[PATCH] arm64: kvm: Expose timer offset directly via KVM_{GET,SET}_ONE_REG
David Woodhouse
dwmw2 at infradead.org
Thu Feb 2 07:18:55 PST 2023
On Thu, 2023-02-02 at 13:50 +0000, Marc Zyngier wrote:
> Hi Simon,
>
> On Thu, 02 Feb 2023 12:13:14 +0000,
> Simon Veith <sveith at amazon.de> wrote:
> >
> > The virtual timer count register (CNTVCT_EL0) is virtualized by
> > configuring offset register CNTVOFF_EL2 to subtract from the underlying
> > raw hardware timer count when the guest reads the current count.
> >
> > Currently, we offer userspace the ability to serialize and deserialize
> > only the absolute count register value, using KVM_{GET,SET}_ONE_REG with
> > KVM_REG_ARM_TIMER_CNT. Internally, we then compute and set the offset
> > register accordingly to obtain the requested count value.
> >
> > Allowing to set this timer count register only by absolute value poses
> > some problems to virtual machine monitors that try to maintain the
> > illusion of continuously ticking clocks to the guest: In workflows like
> > live migration or liveupdate, the timers must be increased artificially
> > to account for pause time.
>
> "must" is a pretty strong word. Given that this isn't advertised as
> stolen time to the guest, any sort of time-sensitive process (such as
> an in-guest watchdog) is likely to be ticked the wrong way if you
> start adding that time to the counter.
I'd have said that it *is* stolen time. Whether your hypervisor/VMM is
off in the weeds not running your CPU because it's in swap death, or
because it's live updating itself to a new version, it isn't running
the guest vCPUs and that time is stolen.
(Whether we actually account it to the guest as such is a quality of
implementation issue. As it is, doesn't the steal_time we report to a
guest go backwards to zero on migration with no way for the VMM to
restore it?
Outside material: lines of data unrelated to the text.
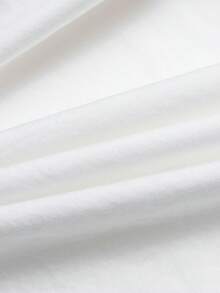 小男孩简约白色圆领长袖衬衫，百搭返校装，四季皆宜 - 白色 - 查看 8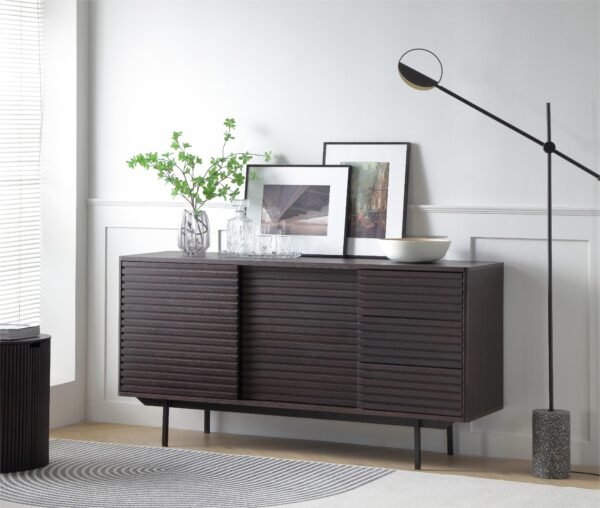 Mid-Century Modern TV Stand or Sideboard – Walnut Buffet Table with Storage, Drawers & Shelves - Image 4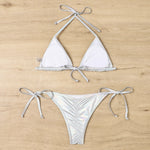 Shiny Swimwear Women Halter Bathers Bling Sequin Bikini Set Cut Out Push Up Padded Bathing Suit Thong Swimwear Glitter Biquini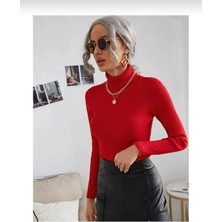 Unisex Açık Mavi Pamuklu Kumaş Balıkçı Yaka Kaşkorse Şardonlu Slimfit Boğazlı Kazak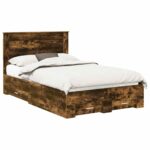 vidaXL Rám postele Dymová dub 135 x 190 cm Kompozitné drevo – Obrázok 2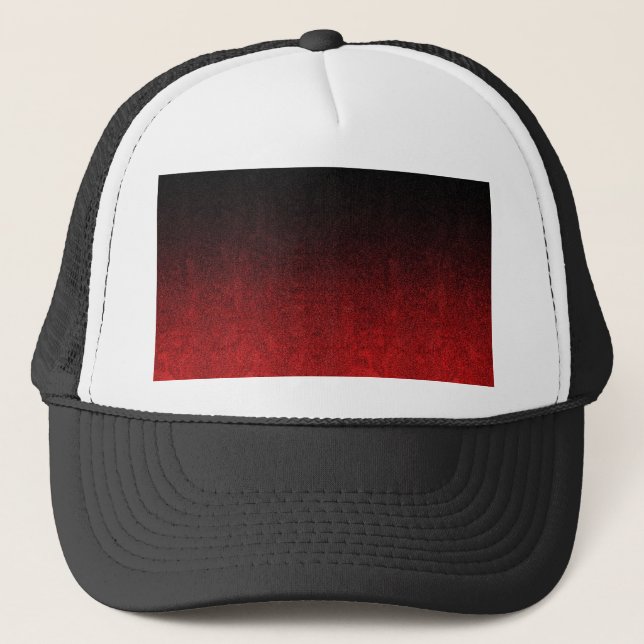 Falling Red & Black Glitzer Gradient Truckerkappe (Vorderseite)
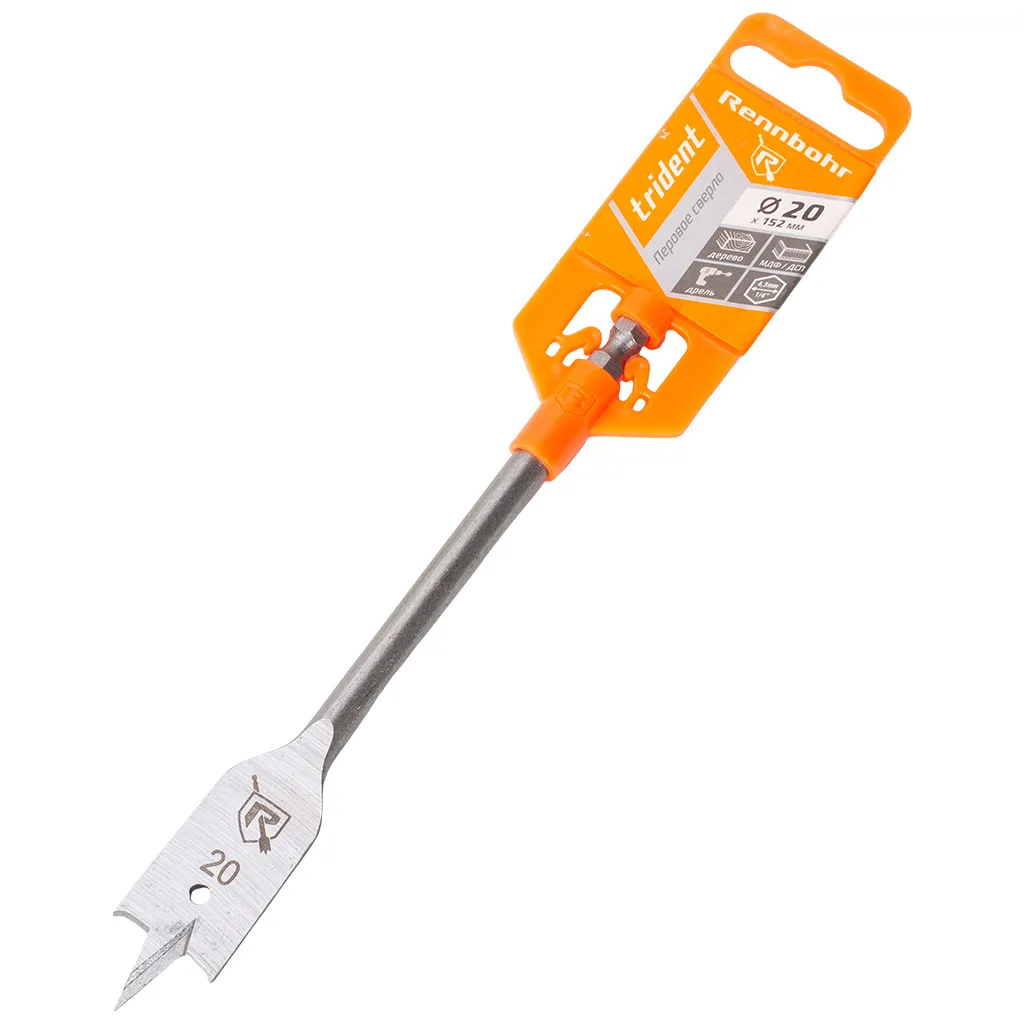 Сверло по дереву Rennbohr, перовое, 20х152мм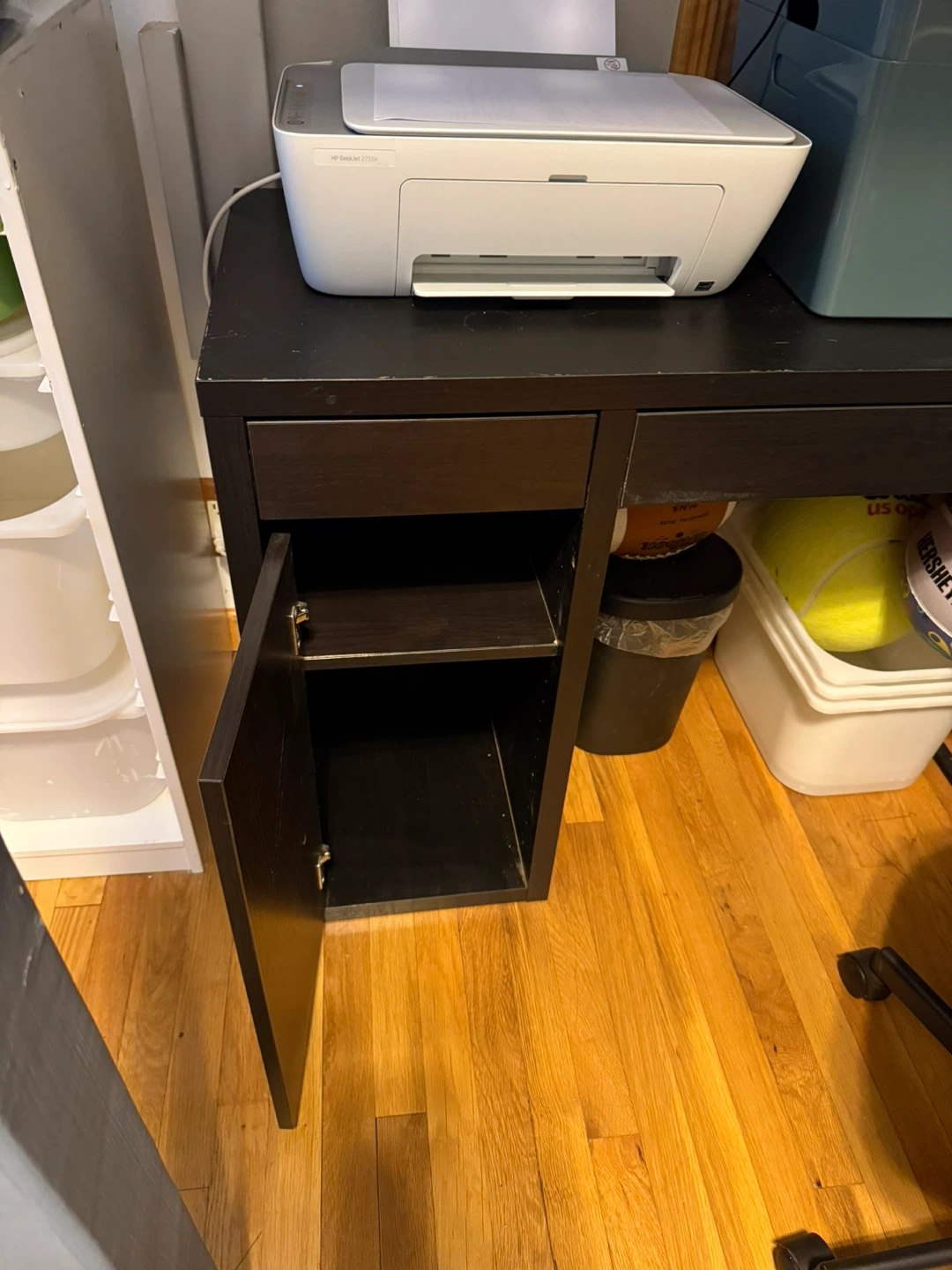 2 IKEA Dark Brown Desk with Storage - photo 3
That seems weird...)
And if the delta is so long that watchdogs tick (and if those watchdogs
don't explicitly check for something like x86's PVCLOCK_GUEST_STOPPED),
then those watchdogs are basically working as designed, surely?
> For example, QEMU doesn't do that, and wants time continuity, hence
> the current behaviour.
That's as may be, but VMMs other than QEMU can and do add a delta to
the timer before 'restoring' it, based on a delta calculated from the
wall clock. We're just asking to give those VMMs a more accurate way of
doing it, so the guest timer's relationship to both the host timer and
to actual wall clock / NTP time is *precisely* as it was before without
any drift.
I may yet fix QEMU; I've been working on the Xen PV timer support
across migration, and it's all a bit weird how an immediate stop/start
has it whining about clock skew and TSC instability; I can't tell
what's my bug and what was already broken.
> > Any delays between userspace computing the correct timer count value and
> > actually setting it in kernel space by KVM_SET_ONE_REG (such as can be
> > incurred by scheduling) become visible as under-accounted pause time in
> > the guest, meaning the guest observes that its system clock seems to
> > have fallen behind its NTP time reference.
> >
> > The issue is further complicated when vCPU setup is performed by
> > independent threads which may experience different delays, leading to
> > jitter between the clocks of different vCPUs.
>
> How? I really hope that you will have restored *all* the vcpus before
> restarting any. If you don't, your userspace is buggy.
But the timer counts from the epoch of when the KVM itself was
initialised, doesn't it? I haven't looked hard at the arm side but on
x86 if the various vCPU threads all use the "TSC is <x> now" API, they
only end up in sync because there's a hack for "if it's within one
second of the previously-set vCPU's TSC, make it precisely match". And
then they're only in sync with each *other* rather than what they were
before the live update.
Actually *running* the vCPUs comes later, of course.